== Material for this task ==
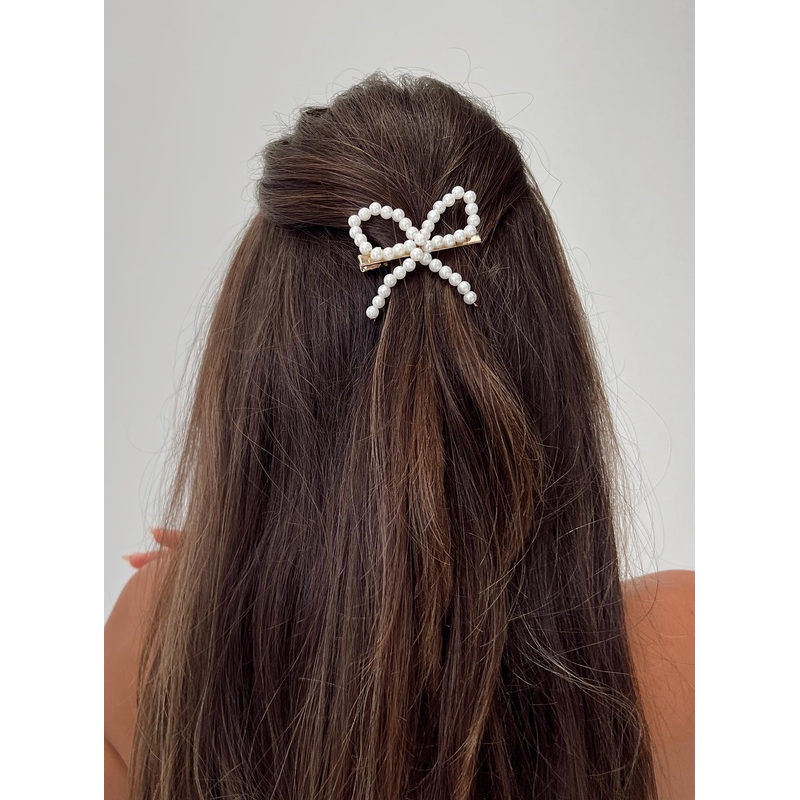 Rosy Hair Clip Pearl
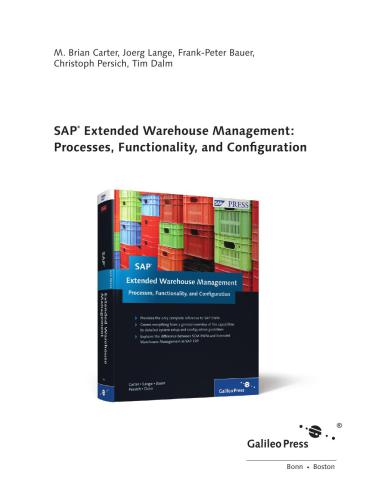 ﻿مدیریت انبار توسعه یافته SAP: فرآیندها، عملکرد و پیکربندی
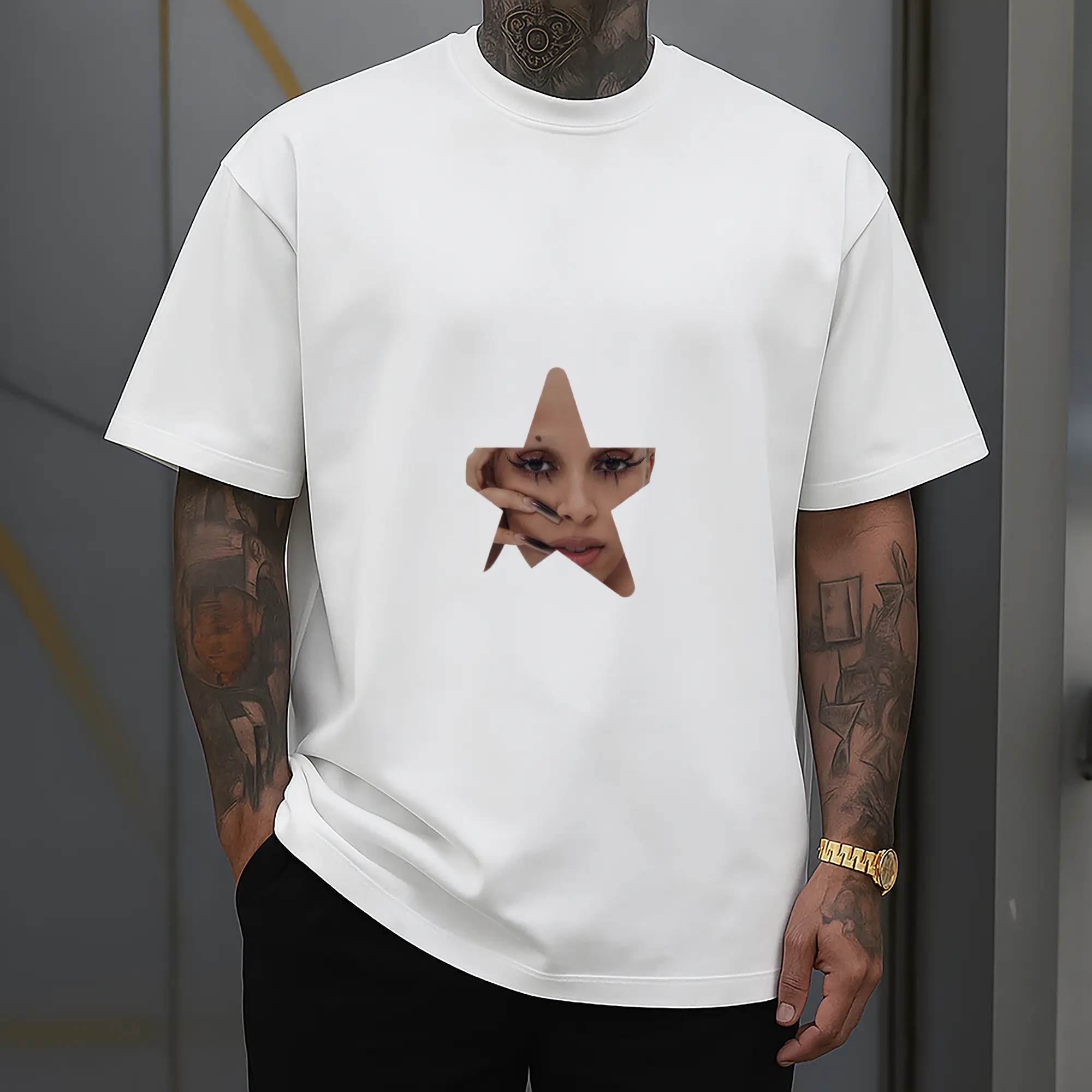 Doja Cat Artistic Star-Shaped DIY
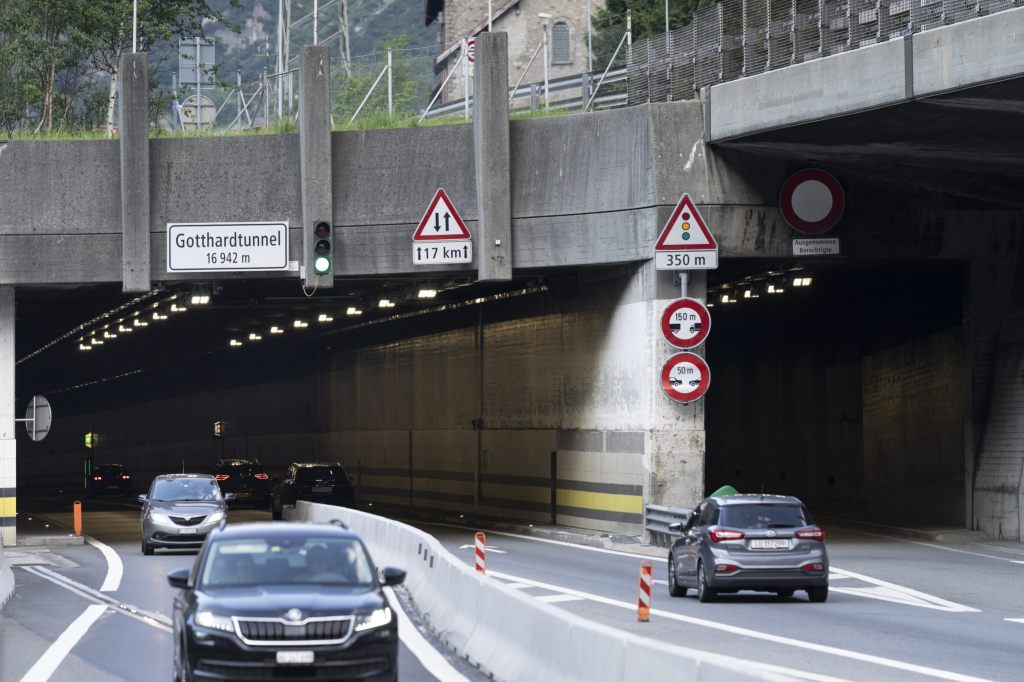 Gotthardstrassentunnel wegen Arbeiten nachts gesperrt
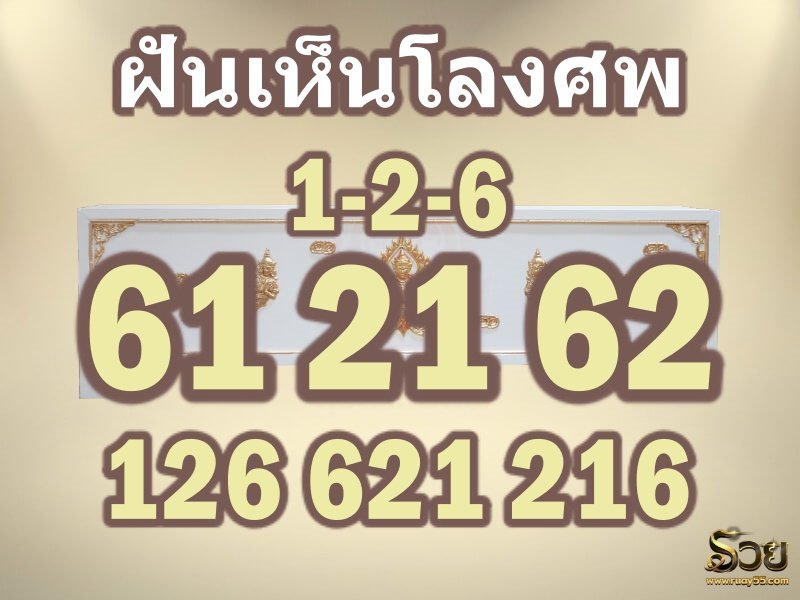 เลขเด็ดฝันเห็นโลงศพ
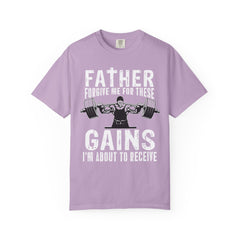 Father Forgive Gains Gym Shirt - Christian Humor Gift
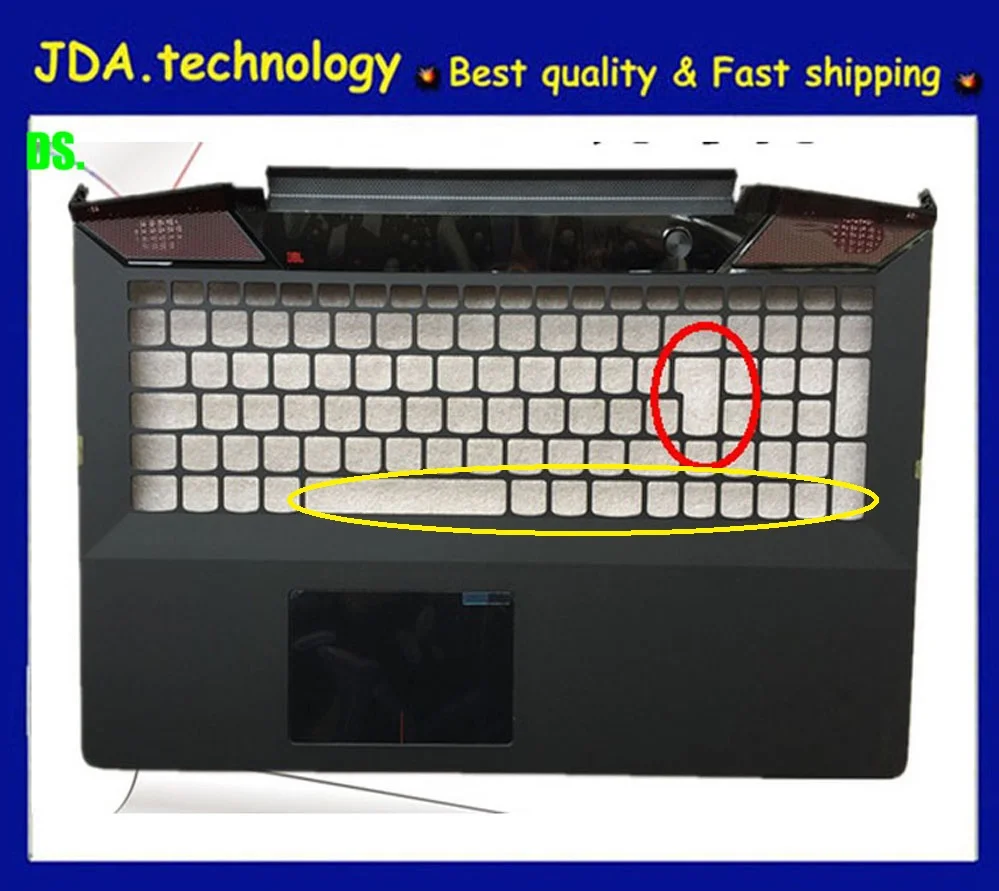/оригинальная подставка для рук для lenovo IdeaPad Y700 Y700-15 Y700-15ISK английская клавиатура ободок Верхняя Крышка корпуса сенсорной панели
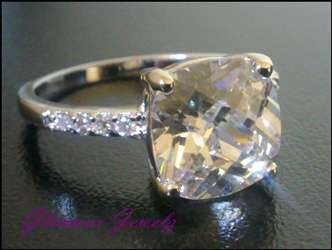 SIZE 7 / 8 / 9 / 10 - 24KT GOLD OVERLAY 3.00CT CZ DIAMOND RING ***FREE EARRINGS**!!!
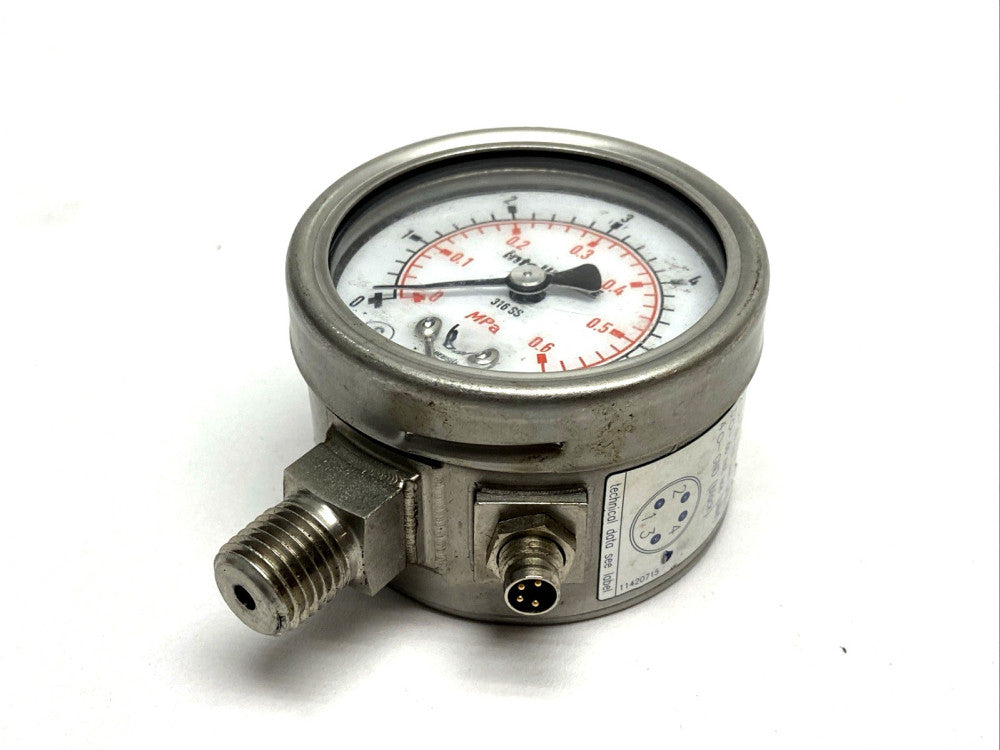 Wika PGT23.063 Bourdon Tube Pressure Gauge w/ Output Signal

== Goal of the exercise ==
Copy nothing but the lines above from the one with "корпуса сенсорной панели" through the end of the material, word for word, and drop the pictures.

== Response box ==
/оригинальная подставка для рук для lenovo IdeaPad Y700 Y700-15 Y700-15ISK английская клавиатура ободок Верхняя Крышка корпуса сенсорной панели
 SIZE 7 / 8 / 9 / 10 - 24KT GOLD OVERLAY 3.00CT CZ DIAMOND RING ***FREE EARRINGS**!!!
 Wika PGT23.063 Bourdon Tube Pressure Gauge w/ Output Signal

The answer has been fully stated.